[Records from a data source]
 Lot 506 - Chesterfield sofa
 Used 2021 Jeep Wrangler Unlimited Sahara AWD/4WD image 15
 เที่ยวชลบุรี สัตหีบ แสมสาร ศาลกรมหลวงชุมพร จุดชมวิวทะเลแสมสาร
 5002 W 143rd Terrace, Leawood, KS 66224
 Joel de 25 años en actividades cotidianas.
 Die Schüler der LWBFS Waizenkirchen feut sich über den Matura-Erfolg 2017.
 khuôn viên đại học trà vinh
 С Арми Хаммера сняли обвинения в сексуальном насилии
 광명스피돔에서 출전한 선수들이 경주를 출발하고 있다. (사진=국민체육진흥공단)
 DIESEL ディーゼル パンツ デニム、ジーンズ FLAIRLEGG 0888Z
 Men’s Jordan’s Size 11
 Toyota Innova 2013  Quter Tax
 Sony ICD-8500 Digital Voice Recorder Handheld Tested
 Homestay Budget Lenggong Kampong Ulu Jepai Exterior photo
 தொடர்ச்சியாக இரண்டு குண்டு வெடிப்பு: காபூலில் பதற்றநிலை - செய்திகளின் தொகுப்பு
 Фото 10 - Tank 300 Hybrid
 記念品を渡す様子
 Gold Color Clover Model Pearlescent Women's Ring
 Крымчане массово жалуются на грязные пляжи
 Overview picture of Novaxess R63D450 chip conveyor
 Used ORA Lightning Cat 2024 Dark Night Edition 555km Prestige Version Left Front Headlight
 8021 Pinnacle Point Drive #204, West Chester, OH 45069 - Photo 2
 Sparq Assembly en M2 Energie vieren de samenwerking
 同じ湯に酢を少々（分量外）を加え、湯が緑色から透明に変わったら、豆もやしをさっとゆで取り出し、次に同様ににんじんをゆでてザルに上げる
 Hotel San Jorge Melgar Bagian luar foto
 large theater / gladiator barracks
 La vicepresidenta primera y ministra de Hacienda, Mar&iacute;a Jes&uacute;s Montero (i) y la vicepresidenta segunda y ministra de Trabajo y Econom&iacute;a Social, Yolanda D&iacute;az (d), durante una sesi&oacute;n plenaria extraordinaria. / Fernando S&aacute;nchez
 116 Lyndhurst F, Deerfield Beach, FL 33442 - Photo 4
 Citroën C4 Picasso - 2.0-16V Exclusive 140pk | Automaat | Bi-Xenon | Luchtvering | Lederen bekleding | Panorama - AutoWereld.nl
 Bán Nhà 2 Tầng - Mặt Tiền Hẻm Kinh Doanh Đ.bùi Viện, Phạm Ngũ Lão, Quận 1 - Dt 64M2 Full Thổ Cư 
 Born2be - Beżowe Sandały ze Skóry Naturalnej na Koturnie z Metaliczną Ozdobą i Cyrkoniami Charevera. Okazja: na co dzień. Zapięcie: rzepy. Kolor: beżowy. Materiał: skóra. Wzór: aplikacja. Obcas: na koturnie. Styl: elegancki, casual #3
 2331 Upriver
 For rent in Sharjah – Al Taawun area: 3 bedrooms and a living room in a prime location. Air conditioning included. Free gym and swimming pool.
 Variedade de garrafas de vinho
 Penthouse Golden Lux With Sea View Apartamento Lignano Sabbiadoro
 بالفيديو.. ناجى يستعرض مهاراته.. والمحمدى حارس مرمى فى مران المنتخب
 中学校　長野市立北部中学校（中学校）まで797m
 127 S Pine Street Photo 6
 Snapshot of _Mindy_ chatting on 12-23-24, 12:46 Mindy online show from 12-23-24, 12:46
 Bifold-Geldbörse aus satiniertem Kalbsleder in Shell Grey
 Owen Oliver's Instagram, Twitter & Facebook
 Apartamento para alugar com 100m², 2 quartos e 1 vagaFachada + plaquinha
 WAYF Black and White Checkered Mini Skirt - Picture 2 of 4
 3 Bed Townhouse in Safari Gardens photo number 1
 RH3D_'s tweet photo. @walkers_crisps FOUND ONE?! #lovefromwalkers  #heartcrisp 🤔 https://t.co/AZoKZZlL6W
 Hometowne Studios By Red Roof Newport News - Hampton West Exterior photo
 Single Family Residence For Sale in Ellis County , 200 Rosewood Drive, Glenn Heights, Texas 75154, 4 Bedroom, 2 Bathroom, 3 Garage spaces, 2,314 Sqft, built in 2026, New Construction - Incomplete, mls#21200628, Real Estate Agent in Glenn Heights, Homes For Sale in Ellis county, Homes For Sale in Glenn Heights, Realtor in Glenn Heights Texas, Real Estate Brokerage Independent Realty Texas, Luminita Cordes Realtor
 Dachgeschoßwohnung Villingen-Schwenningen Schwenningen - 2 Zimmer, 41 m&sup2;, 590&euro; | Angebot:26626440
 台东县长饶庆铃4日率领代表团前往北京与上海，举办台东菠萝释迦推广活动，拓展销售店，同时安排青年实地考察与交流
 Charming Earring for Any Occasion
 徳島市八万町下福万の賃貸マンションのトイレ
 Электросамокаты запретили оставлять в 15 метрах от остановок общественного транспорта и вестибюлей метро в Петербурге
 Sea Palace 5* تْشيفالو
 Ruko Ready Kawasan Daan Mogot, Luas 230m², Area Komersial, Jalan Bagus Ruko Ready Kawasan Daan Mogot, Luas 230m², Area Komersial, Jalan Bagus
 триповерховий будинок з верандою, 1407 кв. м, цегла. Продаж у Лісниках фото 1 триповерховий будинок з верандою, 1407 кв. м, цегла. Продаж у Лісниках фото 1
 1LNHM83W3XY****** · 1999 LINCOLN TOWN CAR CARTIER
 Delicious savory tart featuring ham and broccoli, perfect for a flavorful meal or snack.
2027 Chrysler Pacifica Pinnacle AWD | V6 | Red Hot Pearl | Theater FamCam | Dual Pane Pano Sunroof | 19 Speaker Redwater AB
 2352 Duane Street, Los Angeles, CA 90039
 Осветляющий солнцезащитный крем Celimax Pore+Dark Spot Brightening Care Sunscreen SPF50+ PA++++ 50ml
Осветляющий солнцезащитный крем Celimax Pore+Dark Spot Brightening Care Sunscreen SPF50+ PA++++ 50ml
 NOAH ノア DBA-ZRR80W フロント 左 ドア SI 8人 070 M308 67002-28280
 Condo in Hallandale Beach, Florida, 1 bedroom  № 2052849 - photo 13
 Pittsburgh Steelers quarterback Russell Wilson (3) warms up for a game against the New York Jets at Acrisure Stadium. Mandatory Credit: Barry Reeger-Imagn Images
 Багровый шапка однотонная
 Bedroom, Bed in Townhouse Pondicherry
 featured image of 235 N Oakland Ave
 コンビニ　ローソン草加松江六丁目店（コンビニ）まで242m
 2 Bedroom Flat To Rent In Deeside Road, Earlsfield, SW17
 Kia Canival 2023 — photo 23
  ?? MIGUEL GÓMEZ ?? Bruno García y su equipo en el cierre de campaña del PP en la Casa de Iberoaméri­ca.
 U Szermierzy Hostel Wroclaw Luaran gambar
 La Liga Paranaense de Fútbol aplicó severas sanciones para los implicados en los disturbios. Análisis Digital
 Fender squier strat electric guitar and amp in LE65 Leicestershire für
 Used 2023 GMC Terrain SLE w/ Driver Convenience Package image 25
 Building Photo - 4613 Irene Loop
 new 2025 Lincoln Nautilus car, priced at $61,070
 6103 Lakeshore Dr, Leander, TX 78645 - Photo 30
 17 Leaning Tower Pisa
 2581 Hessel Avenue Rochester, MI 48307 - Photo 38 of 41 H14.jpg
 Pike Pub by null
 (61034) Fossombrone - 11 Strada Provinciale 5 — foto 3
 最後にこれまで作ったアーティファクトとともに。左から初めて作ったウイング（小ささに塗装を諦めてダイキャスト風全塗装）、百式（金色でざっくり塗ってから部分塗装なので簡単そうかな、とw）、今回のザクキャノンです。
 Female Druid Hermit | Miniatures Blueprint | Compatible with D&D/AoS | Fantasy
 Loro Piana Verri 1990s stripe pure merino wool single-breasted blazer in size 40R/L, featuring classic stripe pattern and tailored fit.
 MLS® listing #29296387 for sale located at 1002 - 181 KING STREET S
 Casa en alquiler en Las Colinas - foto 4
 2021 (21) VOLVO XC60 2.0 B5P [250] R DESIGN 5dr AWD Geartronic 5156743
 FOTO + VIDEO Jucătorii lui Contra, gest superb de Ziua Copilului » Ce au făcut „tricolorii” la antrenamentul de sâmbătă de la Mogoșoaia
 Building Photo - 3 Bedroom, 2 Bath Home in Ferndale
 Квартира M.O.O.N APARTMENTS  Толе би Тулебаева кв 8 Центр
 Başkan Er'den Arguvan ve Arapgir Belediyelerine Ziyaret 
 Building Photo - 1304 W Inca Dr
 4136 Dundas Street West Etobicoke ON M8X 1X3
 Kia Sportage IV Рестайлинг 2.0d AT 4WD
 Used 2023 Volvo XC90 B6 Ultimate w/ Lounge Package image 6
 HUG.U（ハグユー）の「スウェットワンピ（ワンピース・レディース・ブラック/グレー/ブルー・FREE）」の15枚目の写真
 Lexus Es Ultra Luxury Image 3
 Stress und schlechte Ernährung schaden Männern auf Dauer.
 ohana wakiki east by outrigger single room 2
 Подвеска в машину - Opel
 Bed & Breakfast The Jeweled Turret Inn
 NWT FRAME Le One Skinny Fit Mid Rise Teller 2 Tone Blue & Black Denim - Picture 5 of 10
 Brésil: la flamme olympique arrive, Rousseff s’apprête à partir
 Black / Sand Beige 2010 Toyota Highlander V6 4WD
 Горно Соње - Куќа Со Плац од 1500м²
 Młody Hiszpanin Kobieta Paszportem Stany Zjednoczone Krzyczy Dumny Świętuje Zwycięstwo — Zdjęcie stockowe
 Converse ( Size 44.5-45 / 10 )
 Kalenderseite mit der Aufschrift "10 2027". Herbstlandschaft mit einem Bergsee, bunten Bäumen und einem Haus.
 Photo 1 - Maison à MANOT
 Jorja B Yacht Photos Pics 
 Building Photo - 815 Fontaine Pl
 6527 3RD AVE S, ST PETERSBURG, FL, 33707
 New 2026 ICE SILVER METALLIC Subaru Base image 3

* _Exercise instructions_: Show each line of the records above containing "Beach".

* _Response for this exercise_:
 116 Lyndhurst F, Deerfield Beach, FL 33442 - Photo 4
 Condo in Hallandale Beach, Florida, 1 bedroom  № 2052849 - photo 13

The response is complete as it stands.